An airship has an altitude of 800 m , in a distance, a village is seen with an angle of depression 12 °. Find the distance of the airship from the village..
review your basic trig function definitions. Draw a diagram, and you will see that
the line-of-sight distance x is given by
800/x = sin 12°
The distance along the ground is given by
800/x = tan 12°
Pick your case, and just solve for x.
To find the distance of the airship from the village given the altitude of the airship and the angle of depression, we can use trigonometry.
Let's denote the distance of the airship from the village as 'd'.
Given:
Altitude of the airship = 800m
Angle of depression = 12°
From the given information, we can visualize a right-angled triangle with the airship above the village. The angle of depression is the angle between the line of sight and the horizontal line. The opposite side of this angle is the altitude of the airship, and the adjacent side is the distance between the airship and the village.
Using trigonometry, the tangent function can relate these sides of the triangle.
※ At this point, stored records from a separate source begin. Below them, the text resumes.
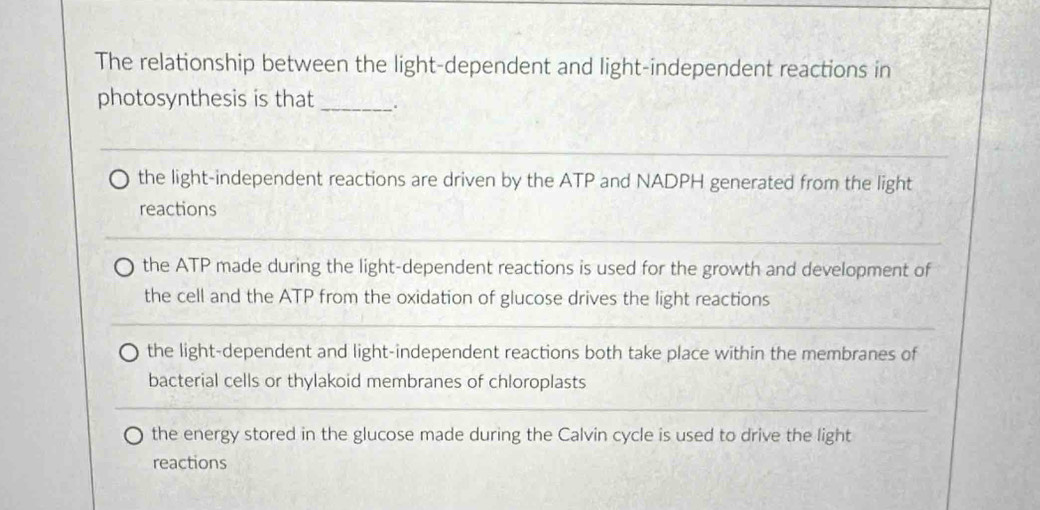 The relationship between the light-dependent and light-independent reactions in
photosynthesis is that_ .
the light-independent reactions are driven by the ATP and NADPH generated from the light
reactions
the ATP made during the light-dependent reactions is used for the growth and development of
the cell and the ATP from the oxidation of glucose drives the light reactions
the light-dependent and light-independent reactions both take place within the membranes of
bacterial cells or thylakoid membranes of chloroplasts
the energy stored in the glucose made during the Calvin cycle is used to drive the light
reactions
The tangent of an angle is equal to the ratio of the opposite side to the adjacent side.
Therefore, we can write:
tan(12°) = 800m / d
Now, we need to solve for 'd'. Rearranging the equation, we have:
d = 800m / tan(12°)
Using a calculator, we can find the tangent of 12° and substitute it into the equation:
d ≈ 800m / tan(12°)
d ≈ 800m / 0.212
d ≈ 3773.58m
Therefore, the distance of the airship from the village is approximately 3773.58 meters.